* **What to produce**: Return exactly, please, the lines from the one containing "画像1: Nをモチーフとした六角形の立体的なロゴ (1)" to the last line of the entries below, and nothing else, leaving pictures out.

[Data extracted from a collection]

========

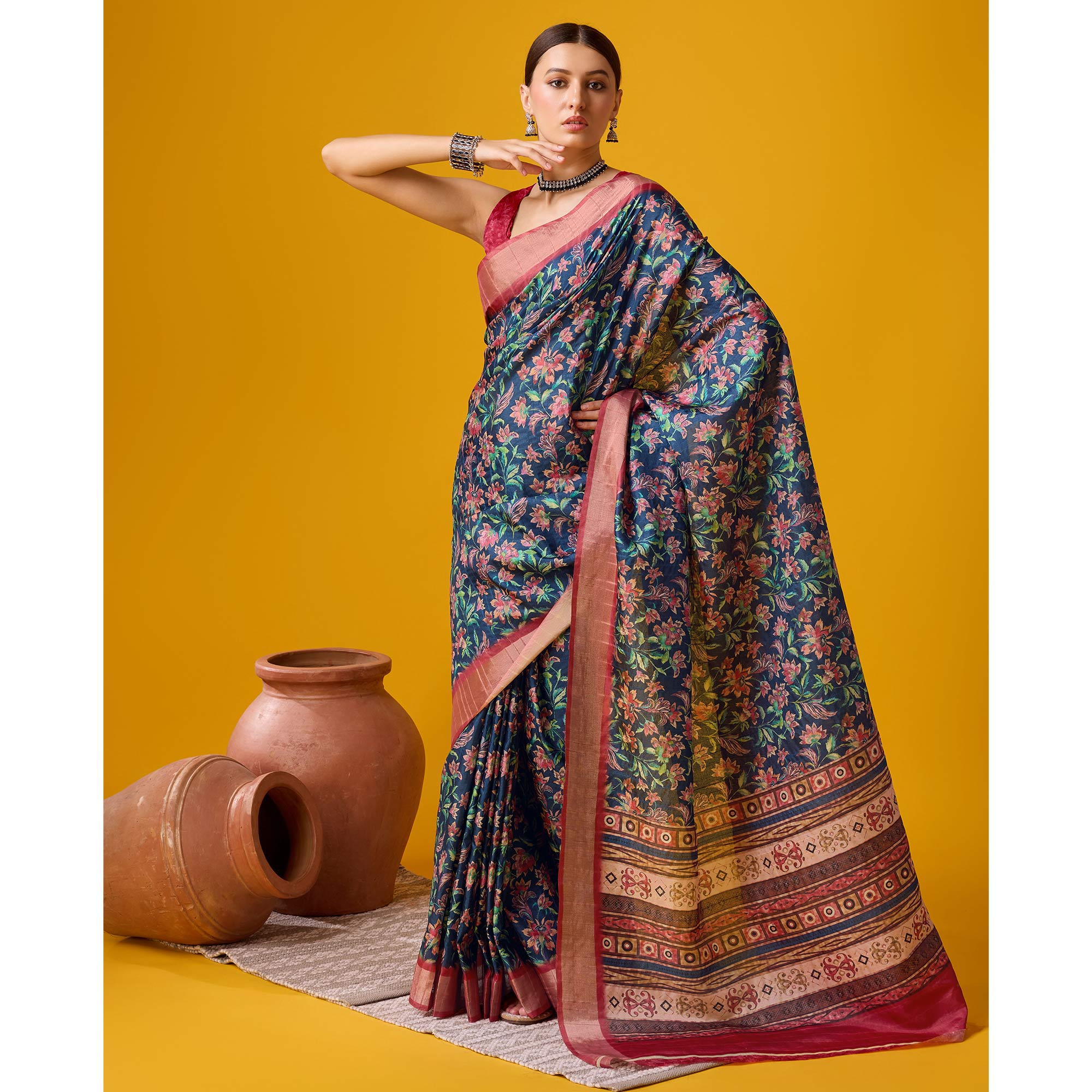 Navy Blue Digital Printed Cotton Silk Saree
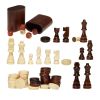 3-IN-1 Chess Checkers Backgammon Table Set, 18 Inch Premium Wooden Chess Table, Deluxe Combo Game Table Furniture Set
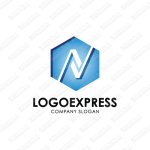 画像1: Nをモチーフとした六角形の立体的なロゴ (1)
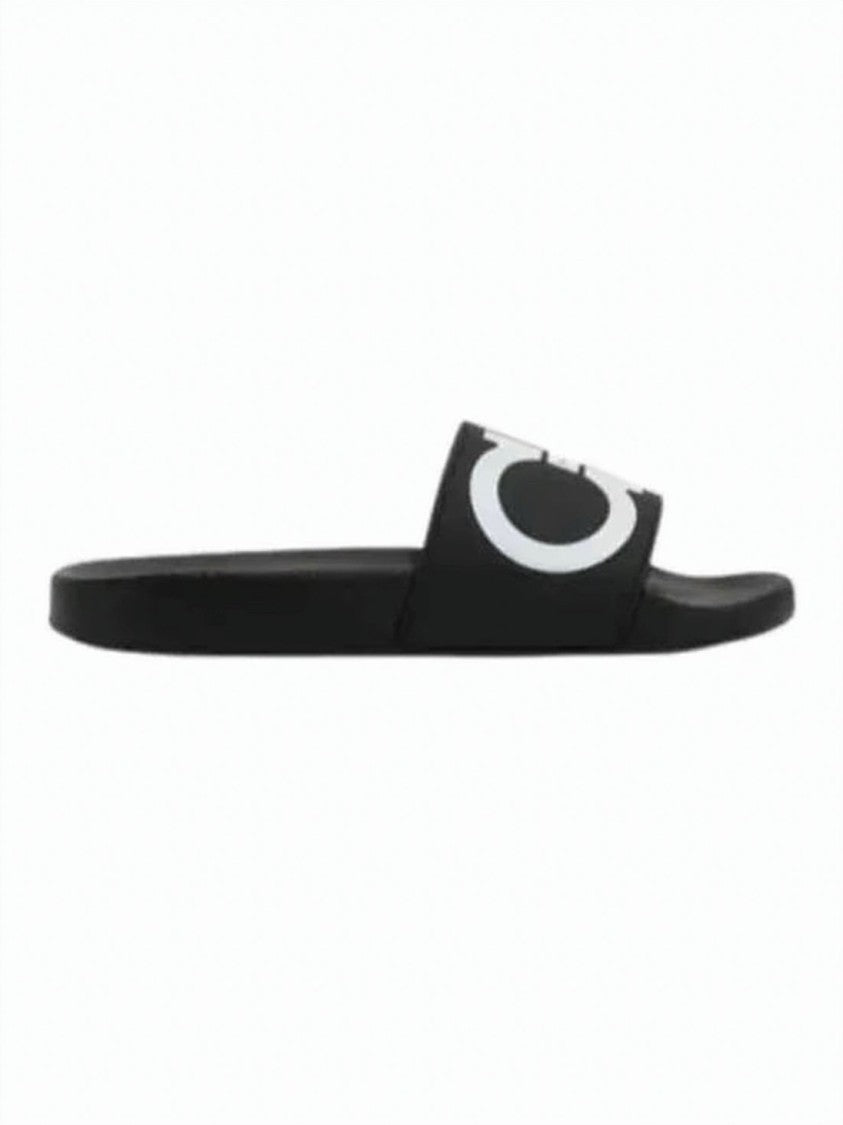 Salvatore Ferragamo Flat Rubber Slide Sandal With Bold Circular Accent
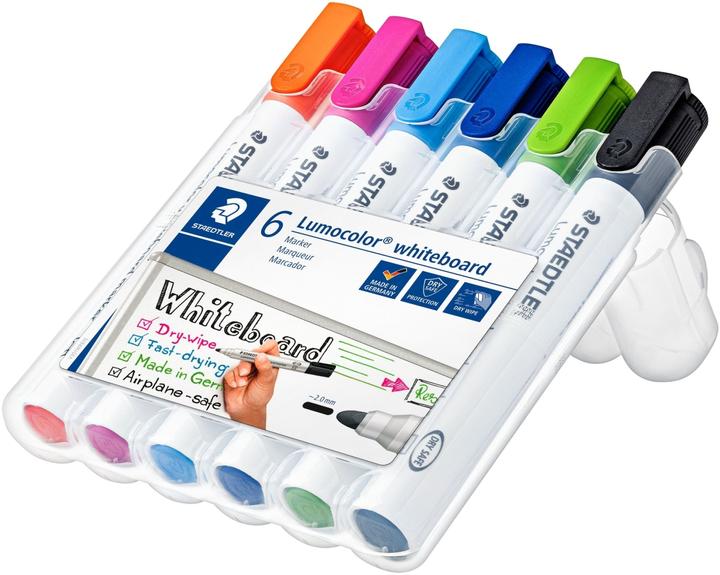 Produktbild Staedtler Lumocolor (je 1 x 351-4(orange), -30(hellblau), -53(hellgrün), -9(schwarz), -3(blau), -20(pink), 2 mm, 6 x)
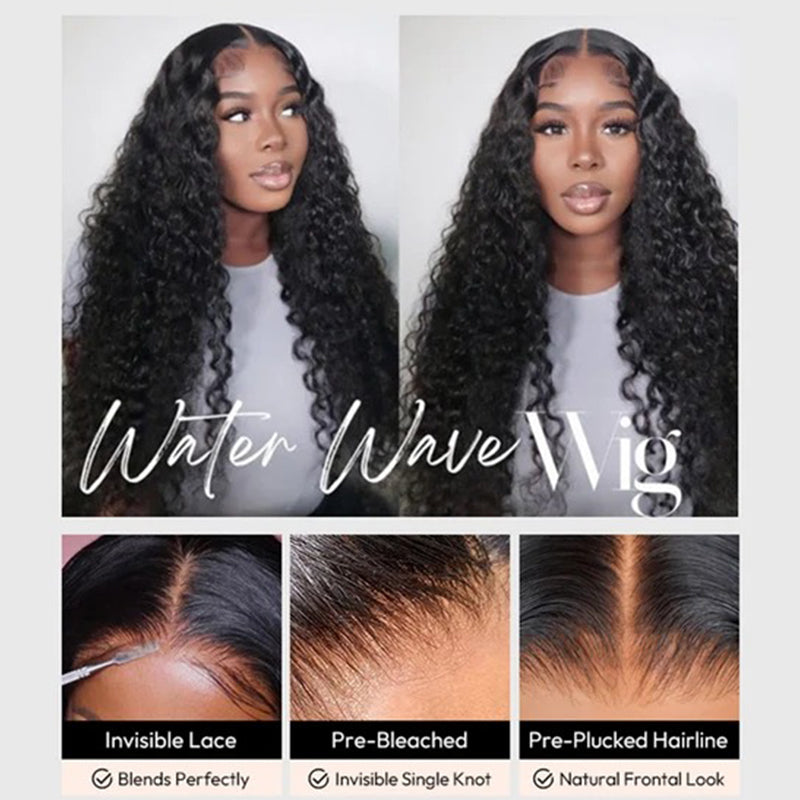 Ossileehair  Double Drawn Water Wave 13X4 Full Frontal Black  100% Human Hair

========

* **Answer for this exercise**:
 画像1: Nをモチーフとした六角形の立体的なロゴ (1)
 Salvatore Ferragamo Flat Rubber Slide Sandal With Bold Circular Accent
 Produktbild Staedtler Lumocolor (je 1 x 351-4(orange), -30(hellblau), -53(hellgrün), -9(schwarz), -3(blau), -20(pink), 2 mm, 6 x)
 Ossileehair  Double Drawn Water Wave 13X4 Full Frontal Black  100% Human Hair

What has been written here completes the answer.